## WHAT IS EXPECTED:
Would you retype exactly the lines below, starting with the one that has "Opinion: 'The British" and going on through the one that has "11111 Biscayne Blvd # 11F, Miami FL 33181", with no pictures and nothing else?

Stored items
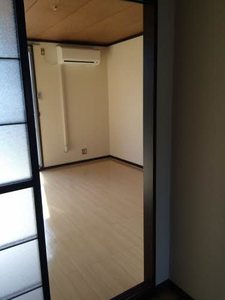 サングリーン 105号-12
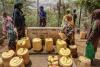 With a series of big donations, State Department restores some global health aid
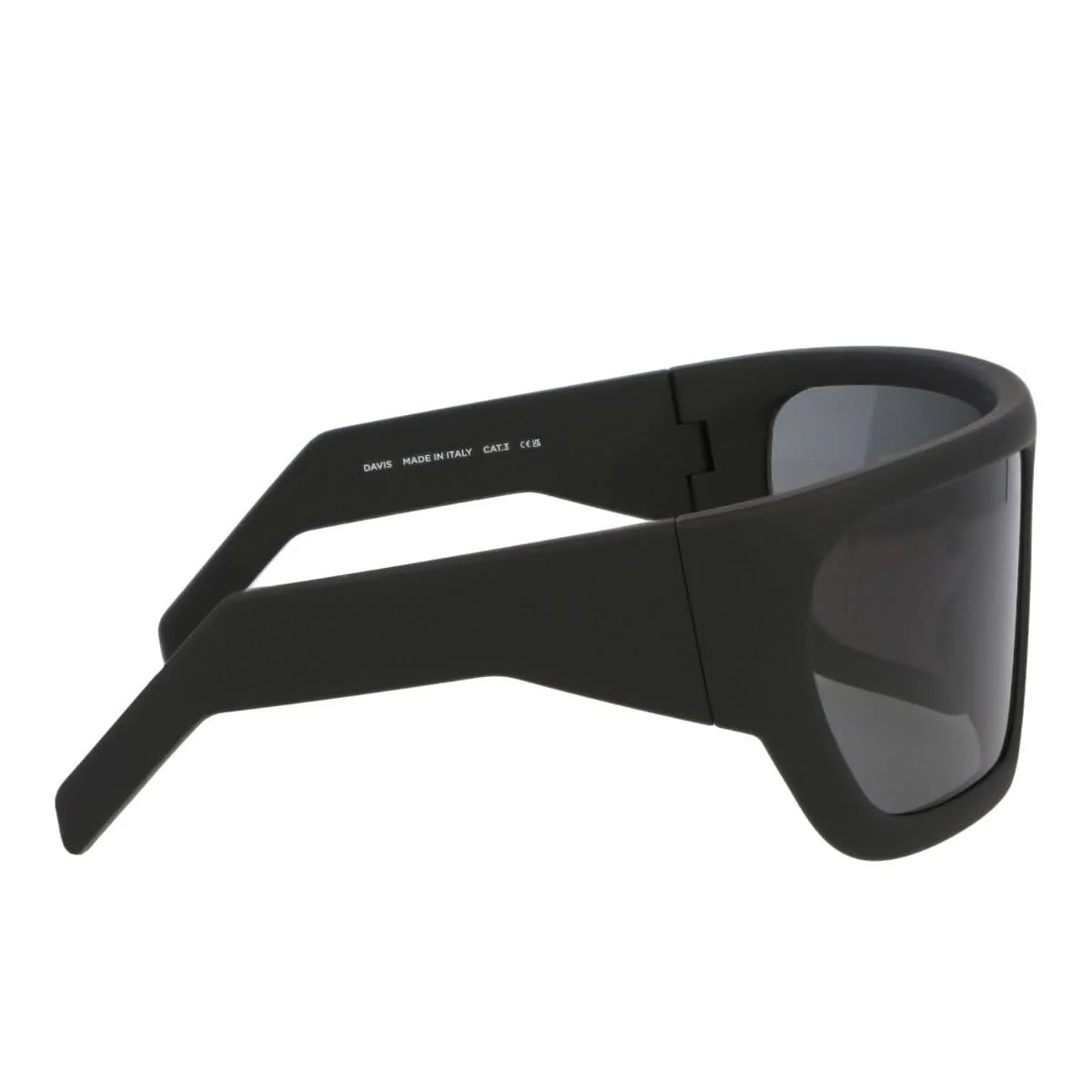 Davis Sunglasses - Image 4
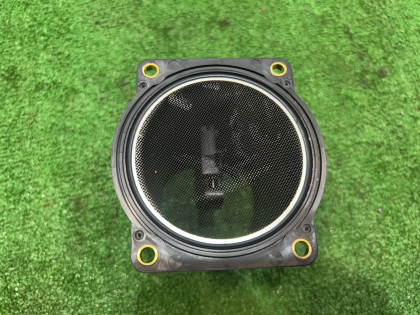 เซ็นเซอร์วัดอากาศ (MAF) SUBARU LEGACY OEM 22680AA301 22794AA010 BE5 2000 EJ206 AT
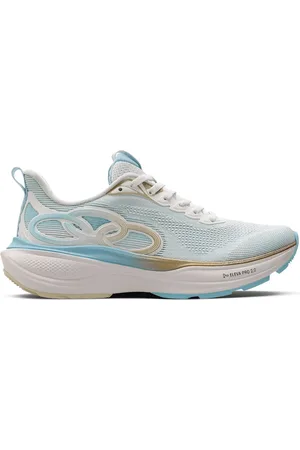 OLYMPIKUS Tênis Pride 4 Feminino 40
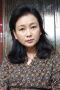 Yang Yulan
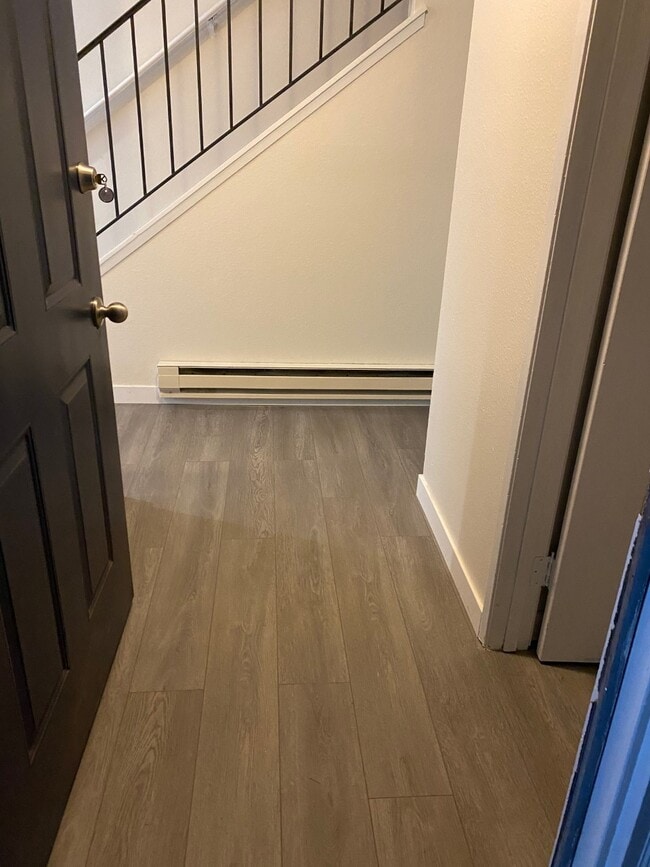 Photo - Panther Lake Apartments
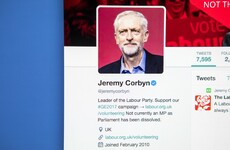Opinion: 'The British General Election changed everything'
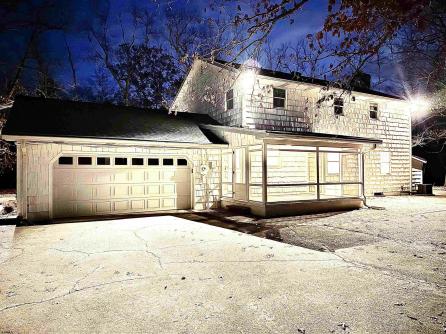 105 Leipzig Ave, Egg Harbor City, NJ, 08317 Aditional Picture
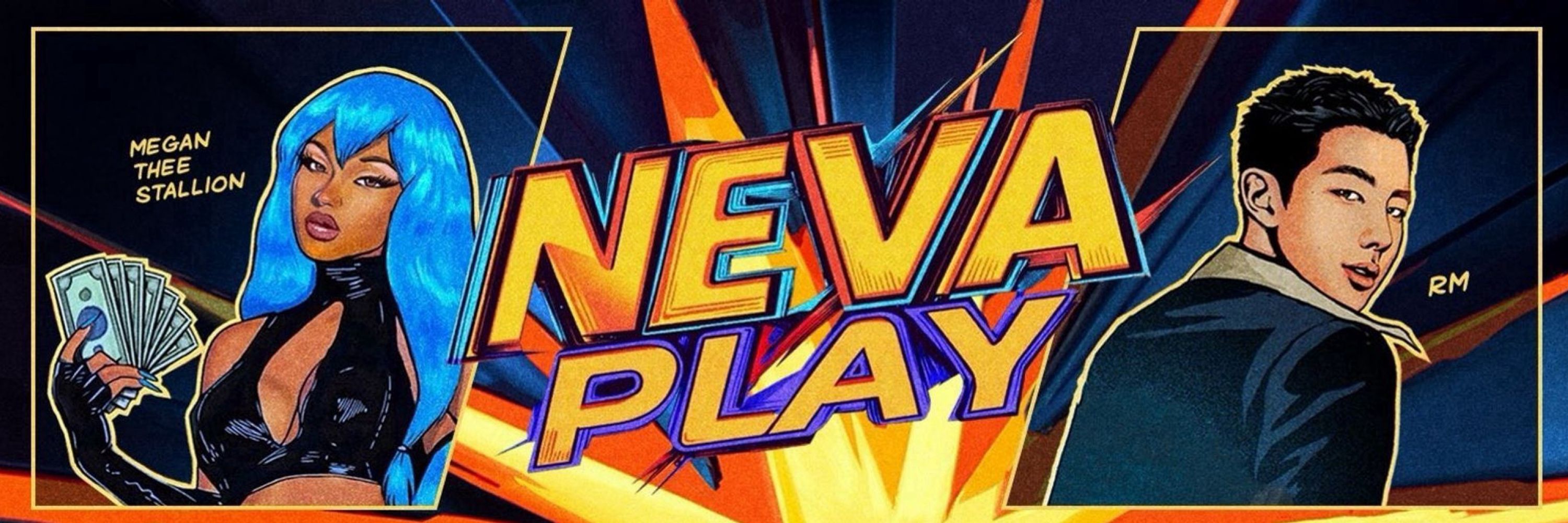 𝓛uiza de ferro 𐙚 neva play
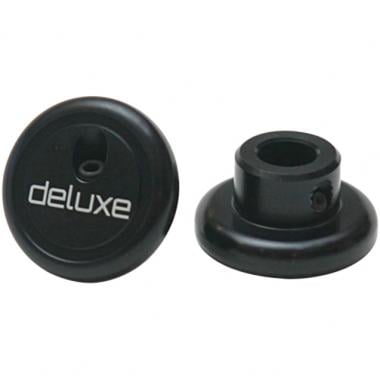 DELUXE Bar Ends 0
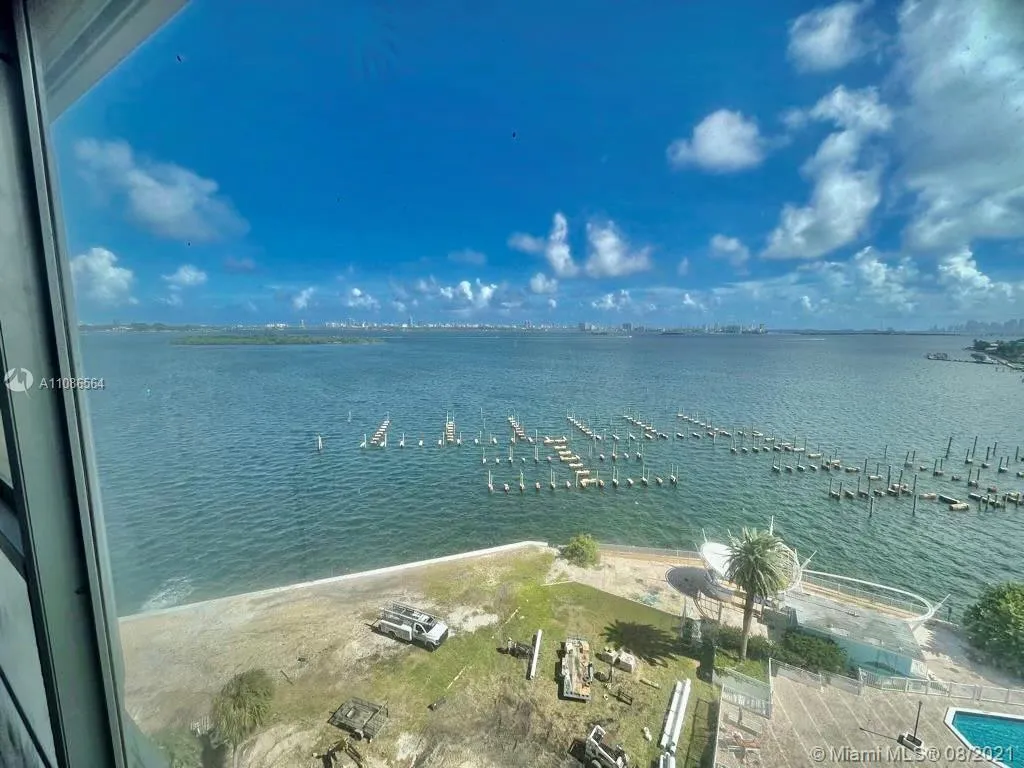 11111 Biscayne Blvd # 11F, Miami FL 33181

---

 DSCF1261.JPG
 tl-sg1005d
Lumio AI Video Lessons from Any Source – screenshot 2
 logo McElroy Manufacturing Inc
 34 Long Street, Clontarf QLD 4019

## ANSWER TO THIS EXERCISE:
Opinion: 'The British General Election changed everything'
 105 Leipzig Ave, Egg Harbor City, NJ, 08317 Aditional Picture
 𝓛uiza de ferro 𐙚 neva play
 DELUXE Bar Ends 0
 11111 Biscayne Blvd # 11F, Miami FL 33181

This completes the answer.